THE PROBLEM: Every line from the one containing "Dipping Powder Clear 28g" to the end of the data below should be copied exactly, but pictures should not.

INFORMATION SUPPLIED:

Start of Block

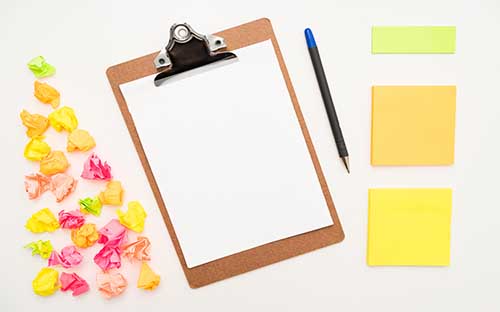 重慶廣播電視大學和自考成考一樣嗎？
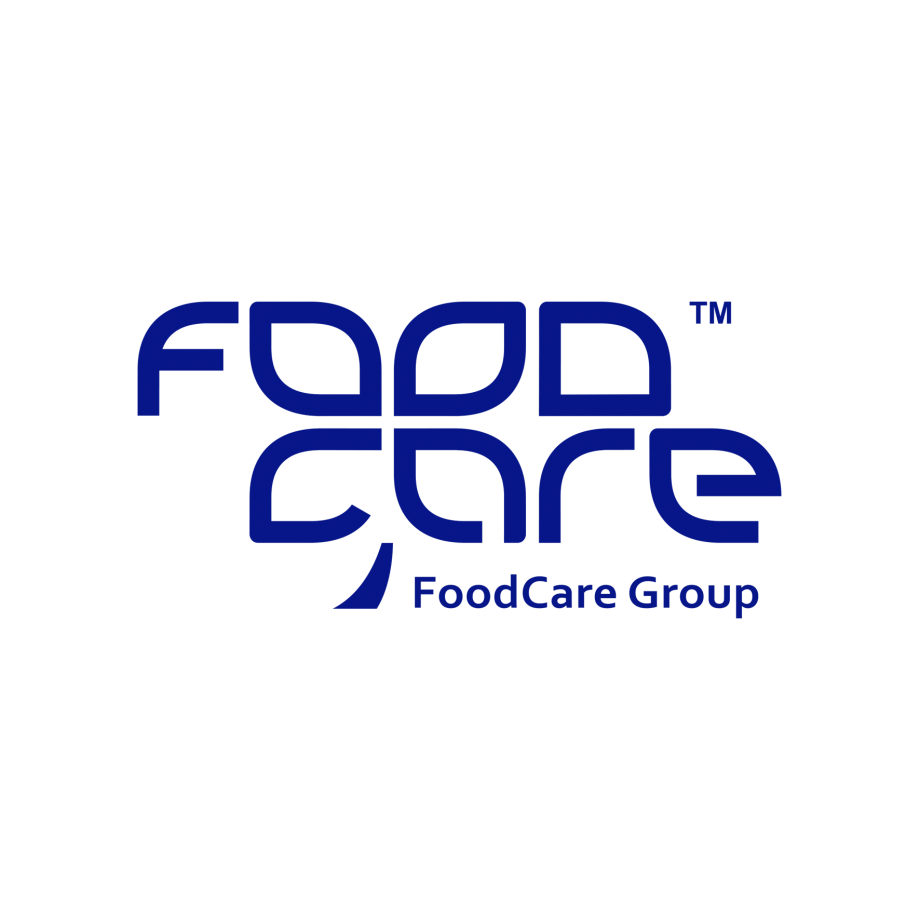 Food Care Logo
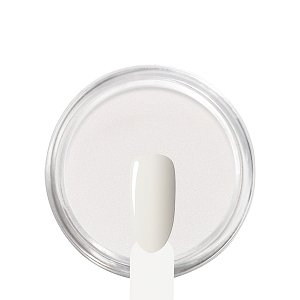 Dipping Powder Clear 28g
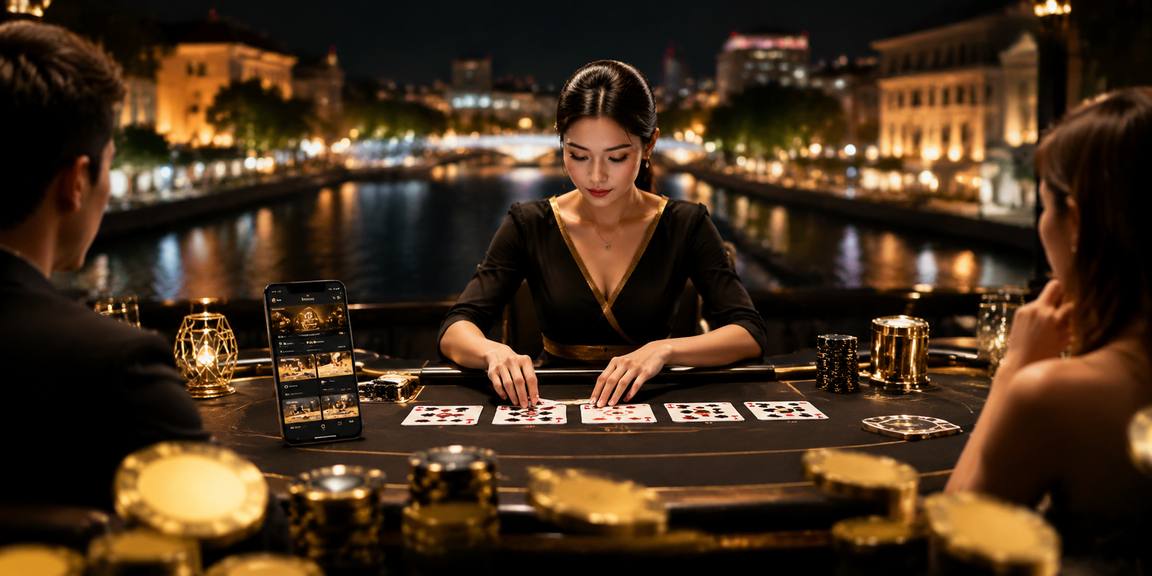 pusy88 Malaysia players buka Real Money Casino & Slots kami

End of Block

EXERCISE SOLUTION:
 Dipping Powder Clear 28g
 pusy88 Malaysia players buka Real Money Casino & Slots kami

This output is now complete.